The "rape" scene didn't work for me at all. Not for a minute. Again, it seems an obvious plot contrivance. I think it would have worked better (given that the point of the scene was to allow photos to be taken) if Basinger had been the aggressor.
Oh, and I am somewhat torn between praising the excellent cinematography and arguing the movie should have been in Black & White. Color photography diminishes noir, and neo-noir.
And last, how did Bud White survive that final shoot-out? Didn't Cromwell shoot him in the face, point blank? What, is this some sort of mystical Jules and Vince moment? Movie ends better with him dead, I think.
But still, great acting and dialog. The screenplay is intelligent and suspenseful; wonderfully shot, great music. That I still rate the film as highly as I do, with these problems, is a testament to how superb the rest of the film is.

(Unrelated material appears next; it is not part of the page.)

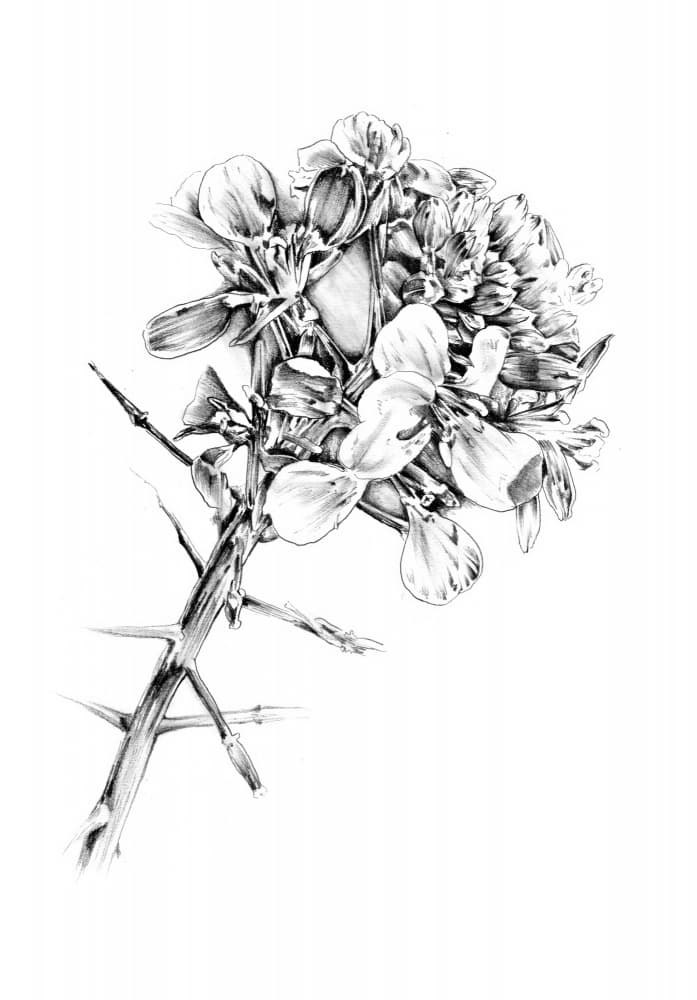 Thorns and Blooms by Kulik — canvas wall art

This Is Why We Go To Movies
Spoilers To me the interesting thing about the movie is the introduction, about half way through the movie, of the Gunderson family. Until that point, the movie was a very well done thriller, reminding me strongly of the Coen Brothers' first film, Blood Simple, in the way it followed the long, obvious unraveling of a crime, every little mistake being far more obvious to the viewers than the characters. And then suddenly, the movie has a moral center to contrast the darkness of the plot.

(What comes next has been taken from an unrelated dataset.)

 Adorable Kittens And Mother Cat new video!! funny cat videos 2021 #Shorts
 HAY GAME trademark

At first Margie seems to be almost a cartoon rather than a person, but what you realize over the course of the movie is that what she is is human: good at her job, loving to her husband, kind to her coworkers and subordinates, just... nice. And she wraps up the crime at the end with a great little speech emphasizing the human view, without us even realizing that it is that... For a little bit of money. And here you are. And it's a beautiful day. And, well, I just don't understand it. Now that you put it that way, neither do I.
This is a movie that is almost uniformly excellent; the cast, headed by Macy, MacDormand and Buscemi, is perfect - I cannot think of any other actors who would be better for the lead roles. The script is spot on in the way it sees and develops its characters, and the way people actually talk. The Coen Brothers' taste for the quirky qua quirky is much more muted here, but it still adds just the right touch of the other to keep the movie riveting. And the cinematography catches the vast empty whiteness of the northern winter perfectly.
Everything that brings me to movies is in here: great acting, great dialogs, surprises, amusement, shock, beauty, harshness, humanity.